## Instructions for the task
Everything in the listing should be set down exactly, apart from the pictures.

## Raw data

———

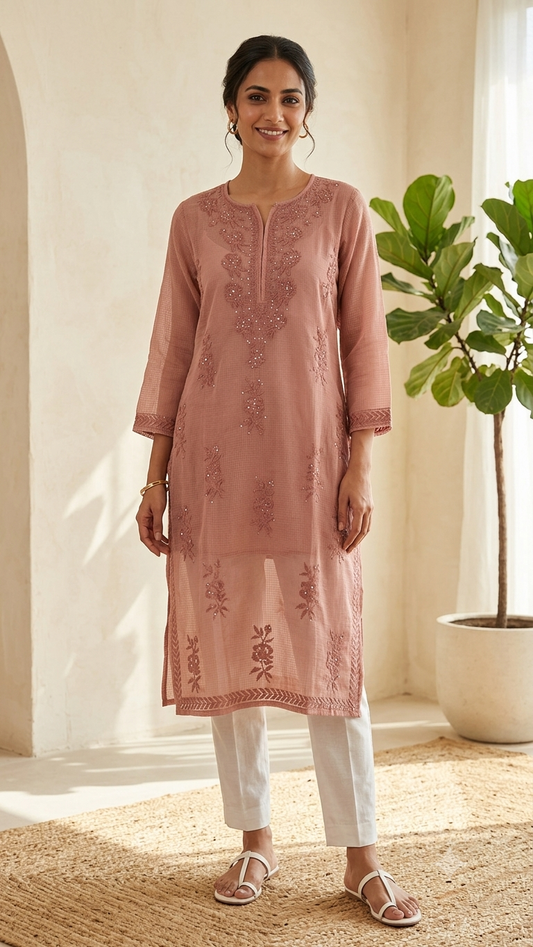 Designer Brown Chikankari Kota Cotton Mukesh Work Kurti (Free size upto 44)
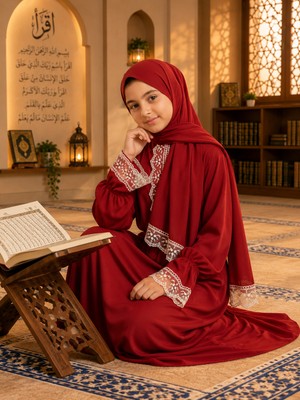 Defka Yazlık Kumaş Kız Çocuk Namaz Elbisesi Kolay Giyim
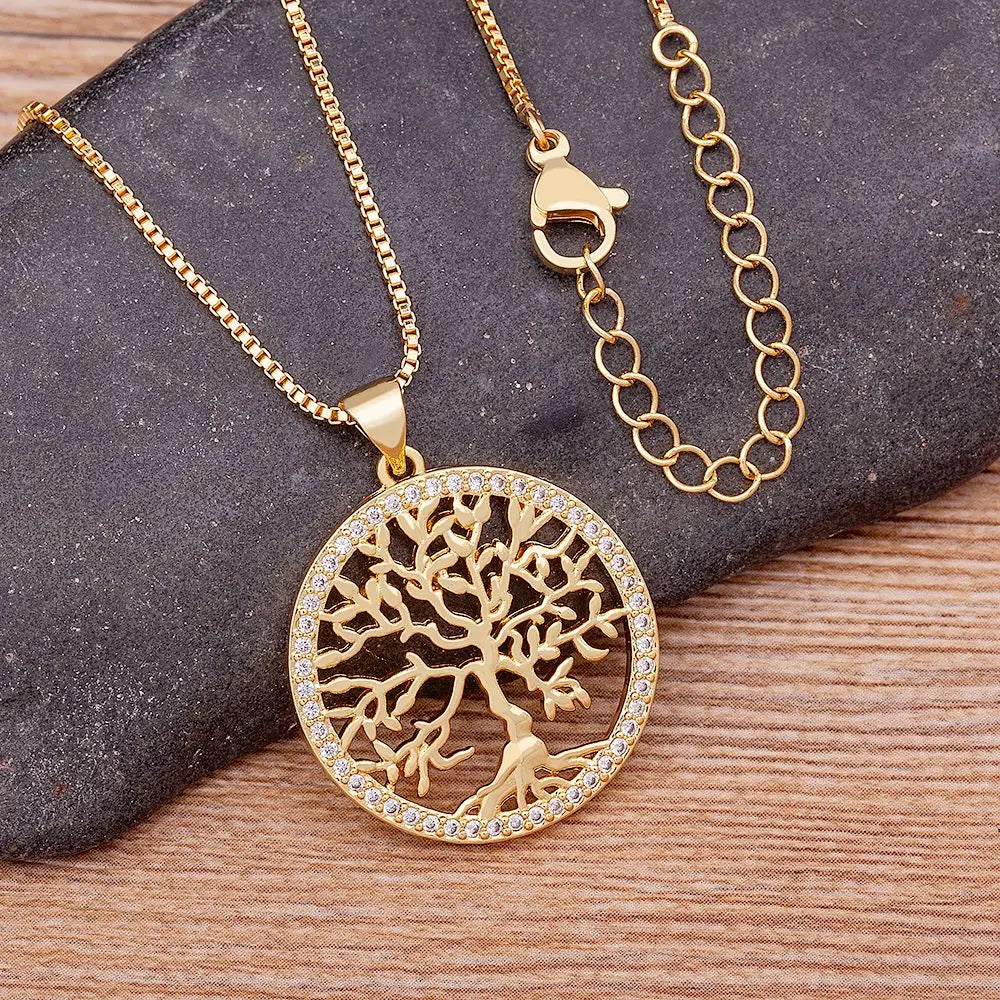 Nidin New Arrival Classic Fashion Tree of Life Gold Plated Crystal Necklaces & Pendants Women Zircon Chain Jewelry Collier Femme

———

## Solved exercise
 Designer Brown Chikankari Kota Cotton Mukesh Work Kurti (Free size upto 44)
 Defka Yazlık Kumaş Kız Çocuk Namaz Elbisesi Kolay Giyim
 Nidin New Arrival Classic Fashion Tree of Life Gold Plated Crystal Necklaces & Pendants Women Zircon Chain Jewelry Collier Femme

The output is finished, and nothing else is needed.